▸ **Exercise input**
=== Section Start ===

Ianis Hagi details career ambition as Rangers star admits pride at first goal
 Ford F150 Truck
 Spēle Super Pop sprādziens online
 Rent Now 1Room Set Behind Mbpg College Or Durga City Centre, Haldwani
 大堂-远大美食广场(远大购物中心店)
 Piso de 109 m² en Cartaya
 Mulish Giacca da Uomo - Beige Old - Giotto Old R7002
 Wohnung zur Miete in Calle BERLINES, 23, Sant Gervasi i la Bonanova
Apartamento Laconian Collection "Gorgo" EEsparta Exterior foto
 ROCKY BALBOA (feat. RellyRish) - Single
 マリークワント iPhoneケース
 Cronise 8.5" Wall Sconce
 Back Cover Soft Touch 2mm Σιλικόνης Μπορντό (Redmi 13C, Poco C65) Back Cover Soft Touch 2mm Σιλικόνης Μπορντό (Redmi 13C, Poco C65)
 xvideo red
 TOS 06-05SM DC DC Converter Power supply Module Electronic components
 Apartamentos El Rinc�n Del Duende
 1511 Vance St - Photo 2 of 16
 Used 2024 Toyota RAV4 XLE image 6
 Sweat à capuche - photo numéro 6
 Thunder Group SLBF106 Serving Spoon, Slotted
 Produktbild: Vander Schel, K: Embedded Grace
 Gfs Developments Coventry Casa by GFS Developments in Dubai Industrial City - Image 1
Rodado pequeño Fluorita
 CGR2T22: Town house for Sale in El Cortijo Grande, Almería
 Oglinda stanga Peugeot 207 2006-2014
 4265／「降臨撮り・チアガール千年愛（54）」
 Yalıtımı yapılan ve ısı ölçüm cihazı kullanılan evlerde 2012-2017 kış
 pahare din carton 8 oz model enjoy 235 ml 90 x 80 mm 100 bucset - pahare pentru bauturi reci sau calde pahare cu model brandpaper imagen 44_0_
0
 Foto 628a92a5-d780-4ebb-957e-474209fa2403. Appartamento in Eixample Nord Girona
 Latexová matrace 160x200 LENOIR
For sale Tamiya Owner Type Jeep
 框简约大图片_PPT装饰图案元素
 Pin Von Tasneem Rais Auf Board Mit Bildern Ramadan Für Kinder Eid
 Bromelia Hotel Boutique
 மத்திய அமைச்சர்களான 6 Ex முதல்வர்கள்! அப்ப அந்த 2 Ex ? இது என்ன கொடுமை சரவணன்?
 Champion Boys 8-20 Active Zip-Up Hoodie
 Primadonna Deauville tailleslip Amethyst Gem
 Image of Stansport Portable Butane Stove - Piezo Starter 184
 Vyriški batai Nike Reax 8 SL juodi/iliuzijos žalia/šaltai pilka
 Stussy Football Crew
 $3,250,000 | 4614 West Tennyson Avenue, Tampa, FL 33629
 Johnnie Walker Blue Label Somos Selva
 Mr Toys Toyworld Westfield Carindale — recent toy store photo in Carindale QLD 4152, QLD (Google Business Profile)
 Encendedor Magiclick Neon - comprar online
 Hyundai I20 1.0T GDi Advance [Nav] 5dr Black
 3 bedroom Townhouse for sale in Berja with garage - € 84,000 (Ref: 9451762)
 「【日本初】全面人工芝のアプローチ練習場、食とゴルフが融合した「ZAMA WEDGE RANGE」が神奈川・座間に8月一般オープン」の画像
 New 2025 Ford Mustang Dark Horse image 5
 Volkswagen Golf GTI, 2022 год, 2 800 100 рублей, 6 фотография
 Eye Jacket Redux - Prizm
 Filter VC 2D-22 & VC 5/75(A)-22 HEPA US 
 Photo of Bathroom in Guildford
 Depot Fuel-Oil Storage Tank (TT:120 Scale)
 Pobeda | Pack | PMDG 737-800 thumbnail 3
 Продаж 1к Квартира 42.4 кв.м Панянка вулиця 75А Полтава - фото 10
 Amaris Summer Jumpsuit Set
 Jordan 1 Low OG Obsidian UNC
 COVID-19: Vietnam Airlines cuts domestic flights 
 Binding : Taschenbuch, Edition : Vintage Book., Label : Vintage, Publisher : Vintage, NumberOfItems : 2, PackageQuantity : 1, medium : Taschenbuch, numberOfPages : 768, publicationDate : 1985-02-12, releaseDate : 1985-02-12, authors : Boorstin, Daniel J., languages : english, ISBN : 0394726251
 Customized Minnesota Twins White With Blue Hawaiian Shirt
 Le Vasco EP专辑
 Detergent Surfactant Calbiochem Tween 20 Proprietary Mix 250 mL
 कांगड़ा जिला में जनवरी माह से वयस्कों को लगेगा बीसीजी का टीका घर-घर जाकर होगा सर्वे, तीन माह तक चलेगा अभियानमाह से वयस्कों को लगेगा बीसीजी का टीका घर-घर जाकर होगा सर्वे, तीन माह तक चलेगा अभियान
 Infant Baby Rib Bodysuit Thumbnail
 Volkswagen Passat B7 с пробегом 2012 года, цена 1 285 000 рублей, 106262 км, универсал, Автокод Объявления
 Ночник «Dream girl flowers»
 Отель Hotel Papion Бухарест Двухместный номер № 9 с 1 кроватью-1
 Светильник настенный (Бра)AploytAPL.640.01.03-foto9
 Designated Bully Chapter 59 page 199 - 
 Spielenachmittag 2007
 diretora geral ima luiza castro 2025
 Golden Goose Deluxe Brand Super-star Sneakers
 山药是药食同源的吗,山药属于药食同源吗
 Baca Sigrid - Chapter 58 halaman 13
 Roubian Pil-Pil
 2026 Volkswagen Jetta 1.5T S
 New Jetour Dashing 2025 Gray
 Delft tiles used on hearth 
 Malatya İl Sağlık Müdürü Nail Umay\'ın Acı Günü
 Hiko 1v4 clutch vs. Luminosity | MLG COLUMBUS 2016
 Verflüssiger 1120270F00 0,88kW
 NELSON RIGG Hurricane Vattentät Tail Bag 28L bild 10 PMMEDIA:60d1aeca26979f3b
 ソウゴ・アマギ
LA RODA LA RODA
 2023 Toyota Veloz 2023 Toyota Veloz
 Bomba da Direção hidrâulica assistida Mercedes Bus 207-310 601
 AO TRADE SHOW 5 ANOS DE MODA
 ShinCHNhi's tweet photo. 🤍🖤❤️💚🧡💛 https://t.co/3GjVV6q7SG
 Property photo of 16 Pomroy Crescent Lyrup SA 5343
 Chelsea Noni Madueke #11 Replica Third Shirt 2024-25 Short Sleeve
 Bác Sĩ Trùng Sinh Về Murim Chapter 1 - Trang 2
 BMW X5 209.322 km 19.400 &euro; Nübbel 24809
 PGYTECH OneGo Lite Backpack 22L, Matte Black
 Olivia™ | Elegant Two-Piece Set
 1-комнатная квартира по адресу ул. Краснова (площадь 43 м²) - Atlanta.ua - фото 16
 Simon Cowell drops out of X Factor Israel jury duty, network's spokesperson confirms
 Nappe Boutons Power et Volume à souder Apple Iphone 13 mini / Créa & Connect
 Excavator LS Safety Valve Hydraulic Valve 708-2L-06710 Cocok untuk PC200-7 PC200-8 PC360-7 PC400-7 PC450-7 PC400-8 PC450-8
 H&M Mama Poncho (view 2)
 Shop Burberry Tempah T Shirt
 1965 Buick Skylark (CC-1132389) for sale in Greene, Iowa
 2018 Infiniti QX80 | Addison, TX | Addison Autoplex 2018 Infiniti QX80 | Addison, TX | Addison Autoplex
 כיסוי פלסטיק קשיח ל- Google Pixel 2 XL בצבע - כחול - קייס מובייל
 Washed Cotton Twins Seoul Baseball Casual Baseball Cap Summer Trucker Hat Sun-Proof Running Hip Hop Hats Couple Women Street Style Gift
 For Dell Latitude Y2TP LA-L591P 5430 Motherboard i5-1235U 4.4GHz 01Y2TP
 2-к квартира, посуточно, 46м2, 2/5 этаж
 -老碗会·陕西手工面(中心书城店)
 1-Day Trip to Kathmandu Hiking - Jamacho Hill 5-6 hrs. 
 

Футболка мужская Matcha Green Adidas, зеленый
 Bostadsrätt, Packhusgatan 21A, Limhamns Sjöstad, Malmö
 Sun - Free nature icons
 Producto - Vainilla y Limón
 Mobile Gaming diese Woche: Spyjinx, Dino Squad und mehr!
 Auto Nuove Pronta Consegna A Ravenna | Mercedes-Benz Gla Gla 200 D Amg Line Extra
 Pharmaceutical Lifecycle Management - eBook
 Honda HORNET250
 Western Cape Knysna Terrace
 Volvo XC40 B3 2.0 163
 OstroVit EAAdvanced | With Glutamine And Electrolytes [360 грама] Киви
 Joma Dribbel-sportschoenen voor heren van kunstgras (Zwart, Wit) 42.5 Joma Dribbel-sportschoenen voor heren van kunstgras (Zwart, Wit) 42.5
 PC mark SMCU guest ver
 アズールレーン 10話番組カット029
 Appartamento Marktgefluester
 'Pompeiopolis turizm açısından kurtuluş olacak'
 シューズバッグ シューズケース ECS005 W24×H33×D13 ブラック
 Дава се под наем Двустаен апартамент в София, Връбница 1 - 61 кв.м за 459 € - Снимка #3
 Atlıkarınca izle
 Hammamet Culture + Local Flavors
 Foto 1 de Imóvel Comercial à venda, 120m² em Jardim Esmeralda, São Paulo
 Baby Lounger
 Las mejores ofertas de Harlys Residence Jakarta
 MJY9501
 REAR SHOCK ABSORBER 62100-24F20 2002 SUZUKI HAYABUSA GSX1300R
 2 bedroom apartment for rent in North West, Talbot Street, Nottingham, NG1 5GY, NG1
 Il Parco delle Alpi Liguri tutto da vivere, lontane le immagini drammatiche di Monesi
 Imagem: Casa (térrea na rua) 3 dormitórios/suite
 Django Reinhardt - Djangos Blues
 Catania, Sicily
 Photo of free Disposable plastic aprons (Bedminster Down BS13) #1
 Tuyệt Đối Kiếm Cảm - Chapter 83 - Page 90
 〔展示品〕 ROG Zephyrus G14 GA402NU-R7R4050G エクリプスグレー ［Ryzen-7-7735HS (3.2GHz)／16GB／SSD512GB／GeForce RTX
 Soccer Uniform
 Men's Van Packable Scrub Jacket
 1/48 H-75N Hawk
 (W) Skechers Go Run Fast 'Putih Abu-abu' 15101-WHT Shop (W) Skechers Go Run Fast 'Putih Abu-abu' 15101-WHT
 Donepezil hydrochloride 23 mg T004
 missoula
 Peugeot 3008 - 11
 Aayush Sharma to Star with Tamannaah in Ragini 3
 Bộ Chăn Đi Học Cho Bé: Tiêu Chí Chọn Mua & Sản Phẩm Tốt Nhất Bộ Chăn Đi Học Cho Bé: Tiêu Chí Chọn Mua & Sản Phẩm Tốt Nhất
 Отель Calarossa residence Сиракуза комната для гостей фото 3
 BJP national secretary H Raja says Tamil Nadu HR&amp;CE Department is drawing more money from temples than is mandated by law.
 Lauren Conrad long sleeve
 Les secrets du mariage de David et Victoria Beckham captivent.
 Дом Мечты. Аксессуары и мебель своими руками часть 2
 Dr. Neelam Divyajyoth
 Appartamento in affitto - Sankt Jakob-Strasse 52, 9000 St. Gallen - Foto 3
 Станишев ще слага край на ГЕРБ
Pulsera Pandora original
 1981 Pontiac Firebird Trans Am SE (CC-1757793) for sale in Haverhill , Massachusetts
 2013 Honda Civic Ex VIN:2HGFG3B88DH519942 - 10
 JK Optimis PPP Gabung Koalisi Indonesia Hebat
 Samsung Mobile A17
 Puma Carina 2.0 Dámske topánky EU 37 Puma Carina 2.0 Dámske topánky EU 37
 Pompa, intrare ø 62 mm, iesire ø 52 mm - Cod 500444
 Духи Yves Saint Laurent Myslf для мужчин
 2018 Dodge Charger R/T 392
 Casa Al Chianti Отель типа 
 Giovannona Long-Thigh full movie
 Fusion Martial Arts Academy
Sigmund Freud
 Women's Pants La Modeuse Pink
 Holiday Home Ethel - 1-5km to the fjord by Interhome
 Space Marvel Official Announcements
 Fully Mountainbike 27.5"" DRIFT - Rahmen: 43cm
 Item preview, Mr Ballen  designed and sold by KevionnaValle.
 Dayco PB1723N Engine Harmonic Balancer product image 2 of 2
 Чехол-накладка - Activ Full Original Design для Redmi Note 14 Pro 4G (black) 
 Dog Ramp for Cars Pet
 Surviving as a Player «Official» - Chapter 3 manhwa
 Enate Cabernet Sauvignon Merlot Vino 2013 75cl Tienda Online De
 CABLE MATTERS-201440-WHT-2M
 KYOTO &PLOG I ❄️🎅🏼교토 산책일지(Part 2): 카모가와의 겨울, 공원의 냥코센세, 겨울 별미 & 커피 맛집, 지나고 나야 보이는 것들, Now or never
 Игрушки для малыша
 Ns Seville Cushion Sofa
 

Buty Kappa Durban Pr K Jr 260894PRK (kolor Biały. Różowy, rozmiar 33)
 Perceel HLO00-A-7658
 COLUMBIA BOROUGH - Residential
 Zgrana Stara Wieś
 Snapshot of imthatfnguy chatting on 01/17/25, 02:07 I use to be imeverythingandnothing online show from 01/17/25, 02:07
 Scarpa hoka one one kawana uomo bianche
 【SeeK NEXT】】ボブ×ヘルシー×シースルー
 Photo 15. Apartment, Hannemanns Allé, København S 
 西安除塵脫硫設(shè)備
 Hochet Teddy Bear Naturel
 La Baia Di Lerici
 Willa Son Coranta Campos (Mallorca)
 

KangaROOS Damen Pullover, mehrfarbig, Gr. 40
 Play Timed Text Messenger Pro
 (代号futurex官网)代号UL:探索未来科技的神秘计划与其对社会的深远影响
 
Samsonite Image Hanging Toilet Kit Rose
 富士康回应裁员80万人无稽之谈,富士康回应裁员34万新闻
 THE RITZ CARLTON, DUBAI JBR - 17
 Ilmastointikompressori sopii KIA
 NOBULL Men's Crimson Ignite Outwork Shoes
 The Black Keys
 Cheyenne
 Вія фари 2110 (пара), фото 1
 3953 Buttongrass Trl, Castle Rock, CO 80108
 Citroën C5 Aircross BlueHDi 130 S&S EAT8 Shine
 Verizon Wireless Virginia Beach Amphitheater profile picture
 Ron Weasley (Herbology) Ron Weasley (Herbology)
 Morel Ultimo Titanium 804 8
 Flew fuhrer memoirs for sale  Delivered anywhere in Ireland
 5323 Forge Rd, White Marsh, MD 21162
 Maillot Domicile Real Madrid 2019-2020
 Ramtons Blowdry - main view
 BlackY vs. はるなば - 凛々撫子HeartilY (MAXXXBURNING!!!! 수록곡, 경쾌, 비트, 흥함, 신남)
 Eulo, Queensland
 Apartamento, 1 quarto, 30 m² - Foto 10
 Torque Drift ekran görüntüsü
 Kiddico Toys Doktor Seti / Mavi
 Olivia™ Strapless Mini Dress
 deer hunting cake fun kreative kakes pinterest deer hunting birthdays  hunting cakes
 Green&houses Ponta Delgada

=== Section End ===

▸ **What the task asks**
From the data above, return every line from the line that has "Игрушки для малыша" up to and including the line that has "Willa Son Coranta Campos (Mallorca)", exactly.

▸ **Exercise output**
 Игрушки для малыша
 Ns Seville Cushion Sofa
 

Buty Kappa Durban Pr K Jr 260894PRK (kolor Biały. Różowy, rozmiar 33)
 Perceel HLO00-A-7658
 COLUMBIA BOROUGH - Residential
 Zgrana Stara Wieś
 Snapshot of imthatfnguy chatting on 01/17/25, 02:07 I use to be imeverythingandnothing online show from 01/17/25, 02:07
 Scarpa hoka one one kawana uomo bianche
 【SeeK NEXT】】ボブ×ヘルシー×シースルー
 Photo 15. Apartment, Hannemanns Allé, København S 
 西安除塵脫硫設(shè)備
 Hochet Teddy Bear Naturel
 La Baia Di Lerici
 Willa Son Coranta Campos (Mallorca)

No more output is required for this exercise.